→ **Problem**: Each line from the first line of the entries through the line holding "To get started, let's" is to be restated word for word; nothing else, and no picture, belongs in the answer.

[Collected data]

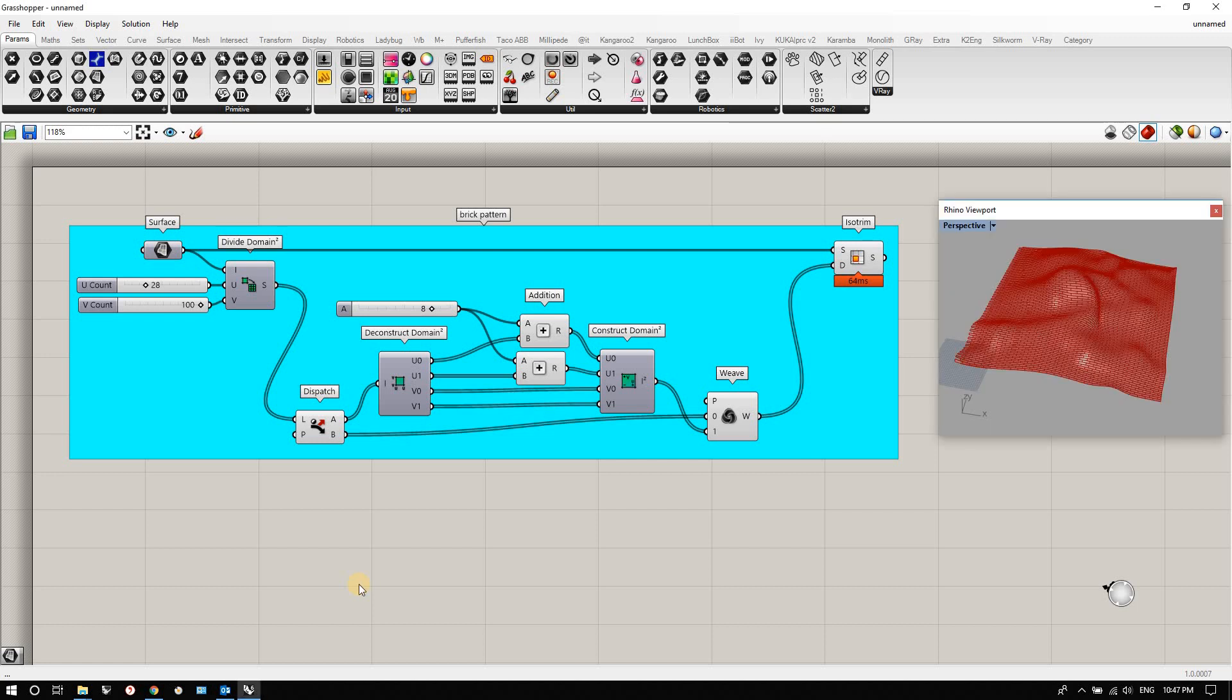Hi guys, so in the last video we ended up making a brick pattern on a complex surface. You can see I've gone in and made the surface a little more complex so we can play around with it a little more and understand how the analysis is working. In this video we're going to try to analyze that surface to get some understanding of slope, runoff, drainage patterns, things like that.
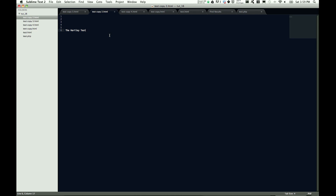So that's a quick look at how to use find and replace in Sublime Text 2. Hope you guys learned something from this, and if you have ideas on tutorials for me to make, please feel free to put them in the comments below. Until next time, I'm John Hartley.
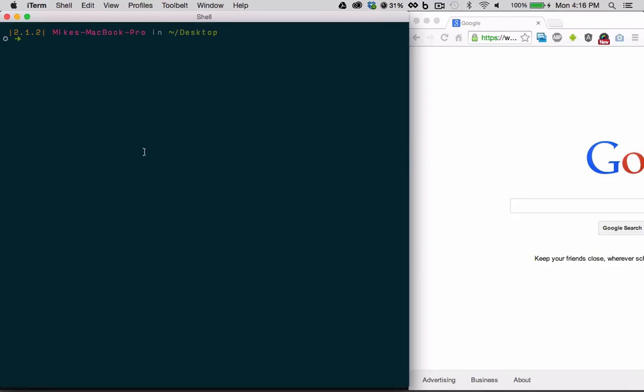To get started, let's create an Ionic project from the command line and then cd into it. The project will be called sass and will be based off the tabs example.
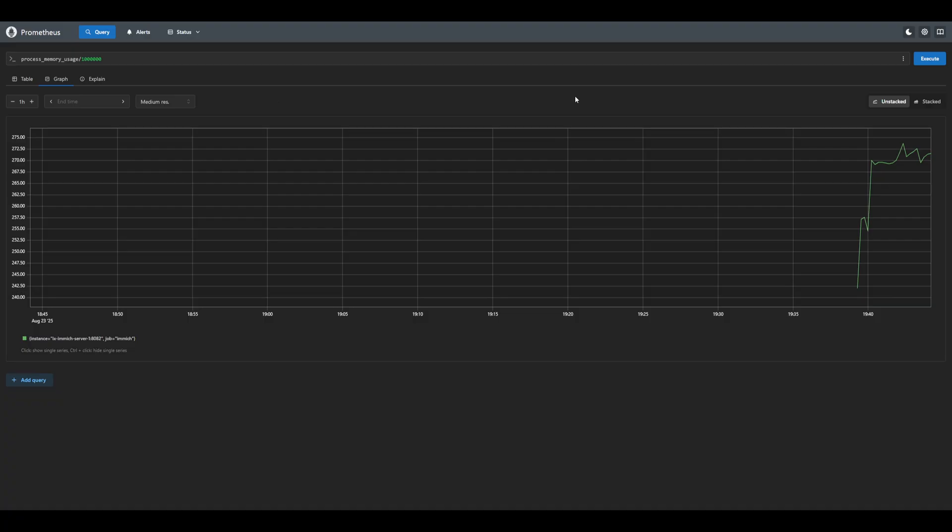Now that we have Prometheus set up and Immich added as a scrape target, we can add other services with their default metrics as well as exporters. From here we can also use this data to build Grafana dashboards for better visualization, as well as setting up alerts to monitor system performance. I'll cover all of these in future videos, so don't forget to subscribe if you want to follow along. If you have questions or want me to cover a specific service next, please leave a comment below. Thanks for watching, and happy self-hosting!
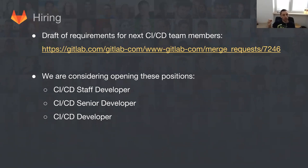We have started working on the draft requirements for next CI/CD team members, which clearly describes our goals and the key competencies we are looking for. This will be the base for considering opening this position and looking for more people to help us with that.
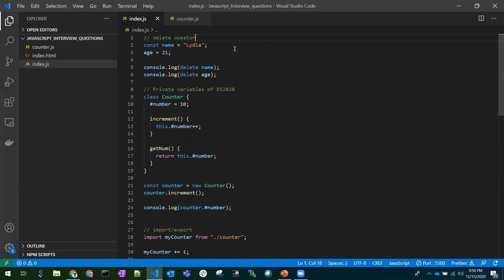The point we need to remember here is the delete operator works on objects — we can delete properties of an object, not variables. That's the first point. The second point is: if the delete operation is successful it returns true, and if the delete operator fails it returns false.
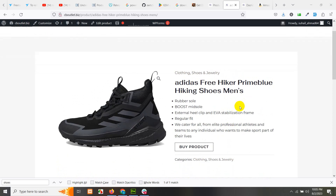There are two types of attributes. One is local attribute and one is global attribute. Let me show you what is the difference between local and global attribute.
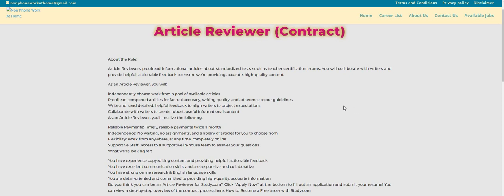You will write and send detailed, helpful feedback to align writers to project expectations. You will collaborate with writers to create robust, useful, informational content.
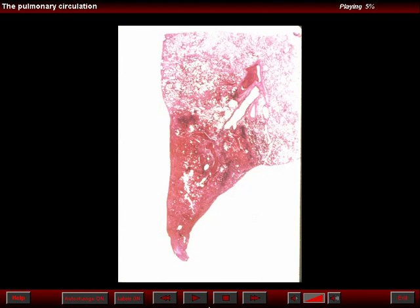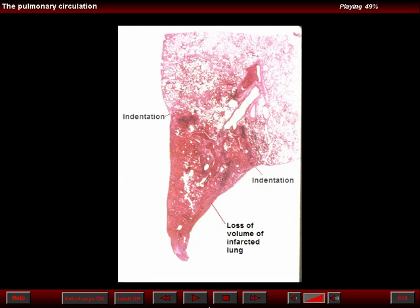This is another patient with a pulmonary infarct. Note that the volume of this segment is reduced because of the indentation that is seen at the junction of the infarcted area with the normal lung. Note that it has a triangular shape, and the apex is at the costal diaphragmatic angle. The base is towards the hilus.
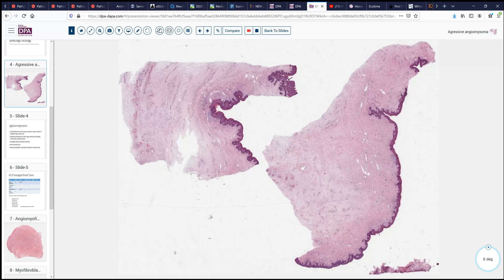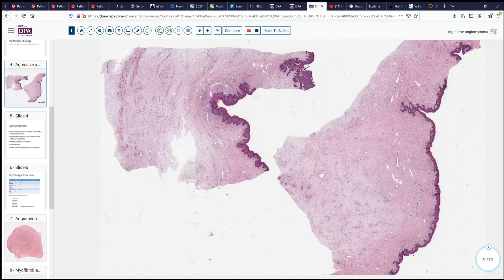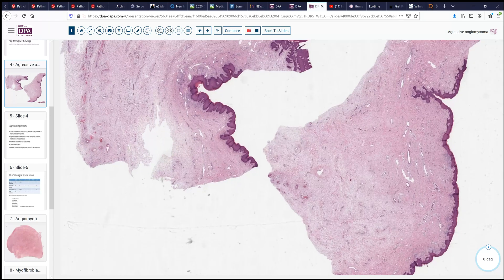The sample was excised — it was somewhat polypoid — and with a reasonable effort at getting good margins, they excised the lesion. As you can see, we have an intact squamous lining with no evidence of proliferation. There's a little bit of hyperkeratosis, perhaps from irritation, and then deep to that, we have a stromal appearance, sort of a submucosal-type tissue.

→ **Response**:
Hi guys, so in the last video we ended up making a brick pattern on a complex surface. You can see I've gone in and made the surface a little more complex so we can play around with it a little more and understand how the analysis is working. In this video we're going to try to analyze that surface to get some understanding of slope, runoff, drainage patterns, things like that.
So that's a quick look at how to use find and replace in Sublime Text 2. Hope you guys learned something from this, and if you have ideas on tutorials for me to make, please feel free to put them in the comments below. Until next time, I'm John Hartley.
To get started, let's create an Ionic project from the command line and then cd into it. The project will be called sass and will be based off the tabs example.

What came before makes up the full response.